CSCI 235 - Spring 2024 - Term Project

This semester you will embark on an extraordinary journey developing the infrastructure for a captivating Creature-world simulation. Set within the enchanting depths of a mythical world, your simulation will offer participants a unique open-world experience where they get to capture and tame fantastic Creatures.

As the stories always go, the main character, Selfa Ensert, is tasked to collect multiple Creatures for a mysterious and powerful wizard, allegedly for a Creature zoo, and definitely not for a world-dominating army.
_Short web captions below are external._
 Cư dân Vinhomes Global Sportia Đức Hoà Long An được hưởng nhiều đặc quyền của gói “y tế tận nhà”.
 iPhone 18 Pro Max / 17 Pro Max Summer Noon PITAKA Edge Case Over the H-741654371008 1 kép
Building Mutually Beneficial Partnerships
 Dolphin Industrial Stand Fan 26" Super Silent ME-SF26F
Participants of your simulation will be able to interact with various Creature of which there are three distinct categories: the Undead, the Mystical, and the Alien.

As participants explore the world, they can encounter creatures such as Dragons, Ghouls or Mindflayers, all extraordinary beings, each with their own stories and Adventures.

Each Creature possesses unique skills, abilities, and quirks, and interactions between creatures are not just about battling to defeat others; it's about forming diverse alliances that can adapt to any situation.

This is a baseline project whose objective is to get you acquainted with the platforms we will use in this course and to refresh your knowledge of basic OOP. You will implement the Creature class. In order to successfully complete this project, we strongly recommend that you look back to your CSCI 135 coursework as a reference.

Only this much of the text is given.